What you have to do: Leaving out every picture, retype the lines below from the top through the one that contains "Photo de profil de Patricia Chaupitre".

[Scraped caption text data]
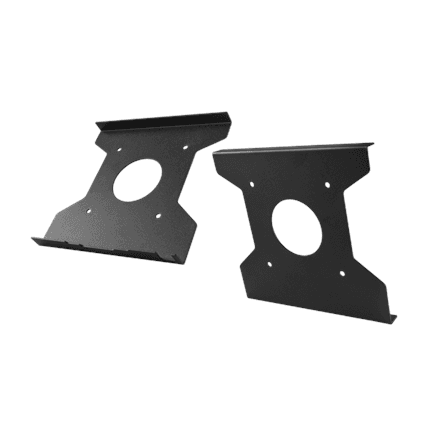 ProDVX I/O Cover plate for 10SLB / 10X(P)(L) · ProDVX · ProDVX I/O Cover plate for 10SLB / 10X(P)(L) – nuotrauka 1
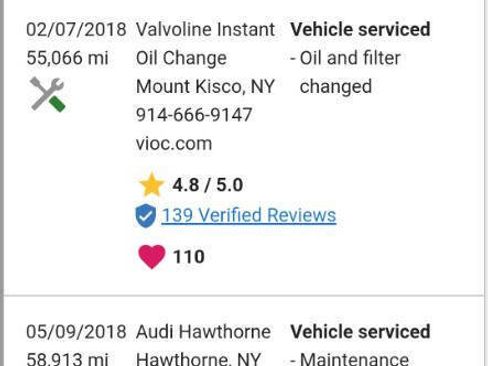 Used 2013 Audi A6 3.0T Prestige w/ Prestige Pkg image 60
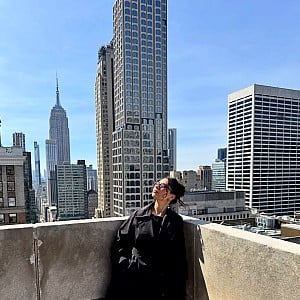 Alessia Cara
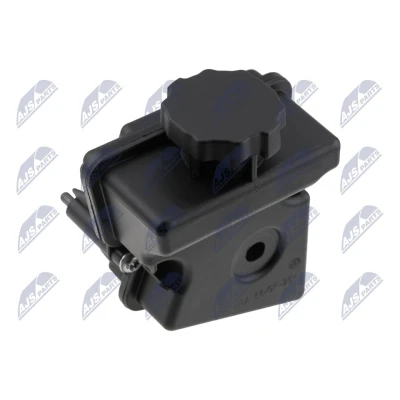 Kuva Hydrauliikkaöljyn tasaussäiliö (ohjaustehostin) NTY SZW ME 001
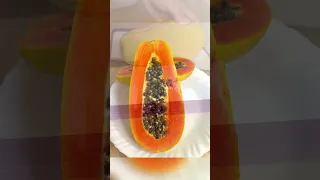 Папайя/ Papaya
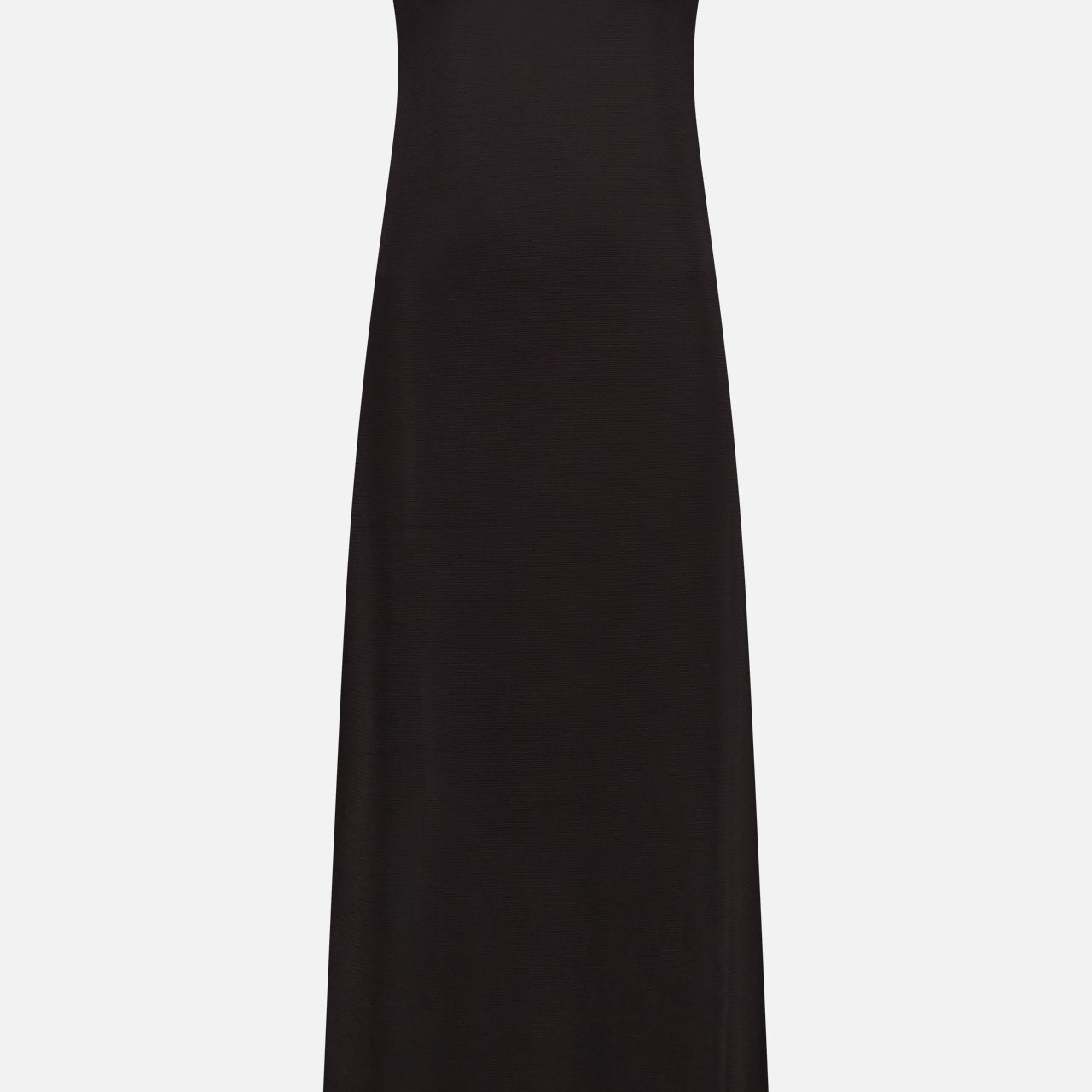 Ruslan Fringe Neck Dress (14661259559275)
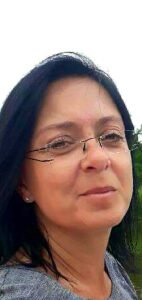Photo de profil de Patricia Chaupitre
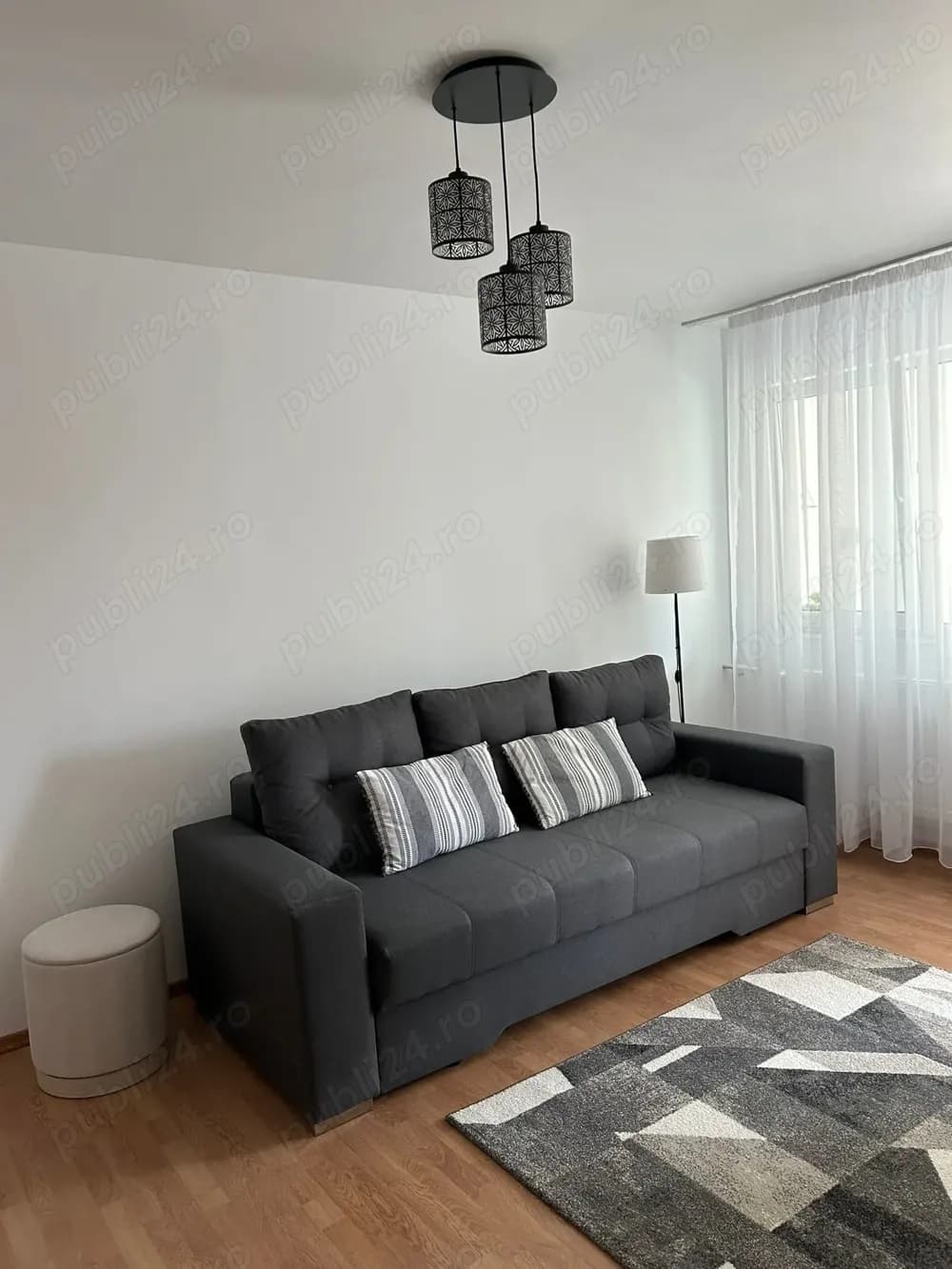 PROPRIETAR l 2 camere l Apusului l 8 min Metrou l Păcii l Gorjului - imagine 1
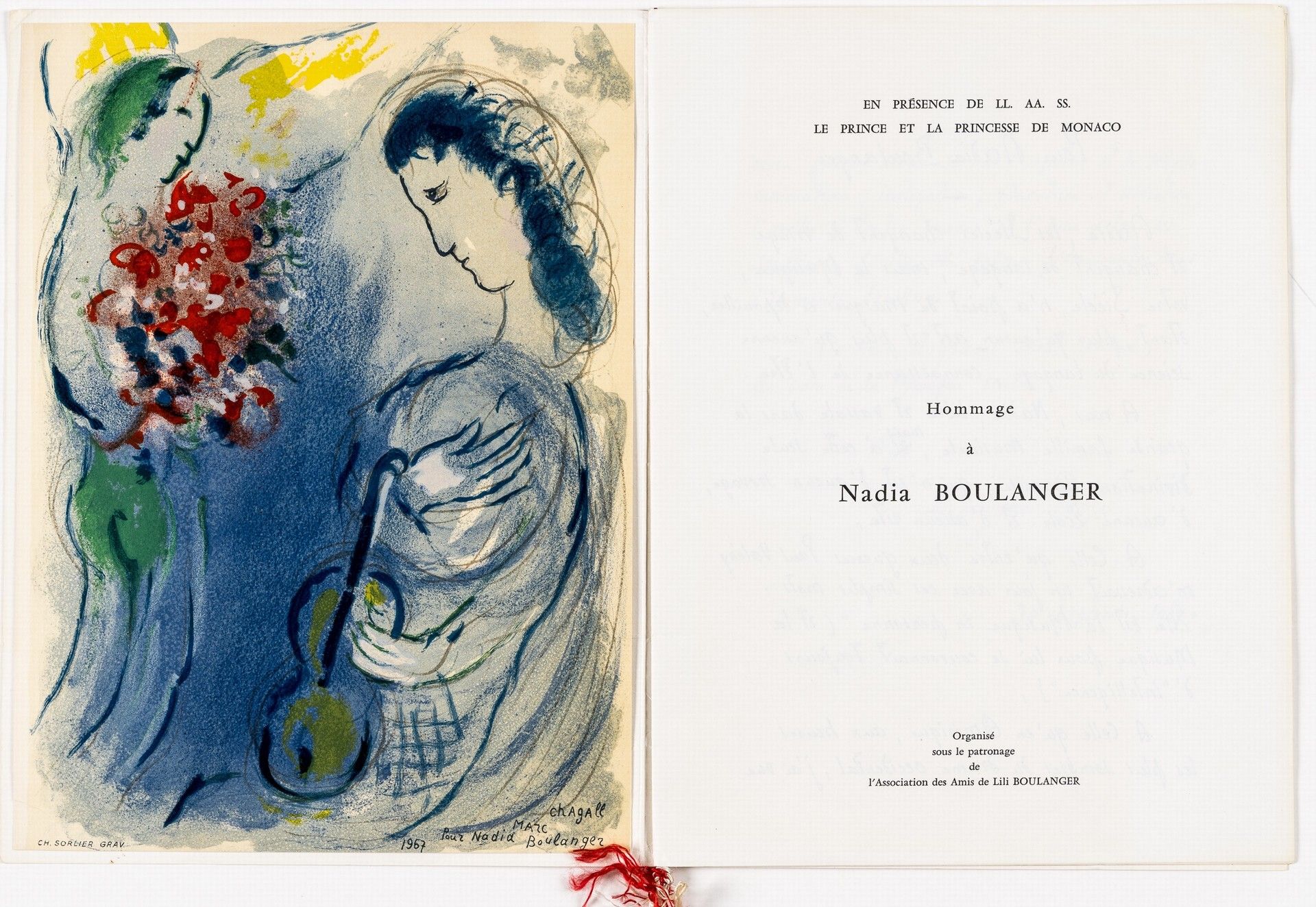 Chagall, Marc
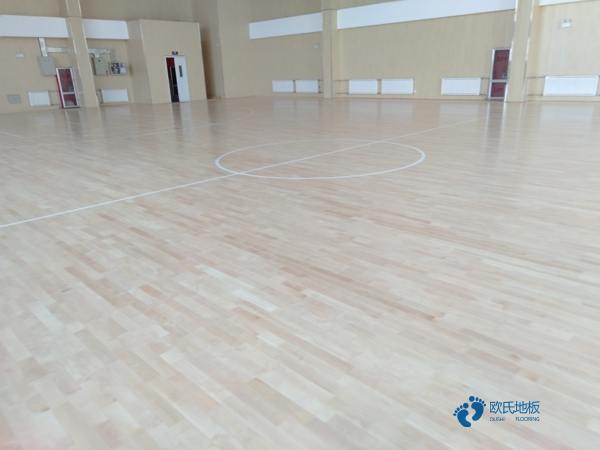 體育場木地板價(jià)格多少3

Your solution:
 ProDVX I/O Cover plate for 10SLB / 10X(P)(L) · ProDVX · ProDVX I/O Cover plate for 10SLB / 10X(P)(L) – nuotrauka 1
 Used 2013 Audi A6 3.0T Prestige w/ Prestige Pkg image 60
 Alessia Cara
 Kuva Hydrauliikkaöljyn tasaussäiliö (ohjaustehostin) NTY SZW ME 001
 Папайя/ Papaya
 Ruslan Fringe Neck Dress (14661259559275)
Photo de profil de Patricia Chaupitre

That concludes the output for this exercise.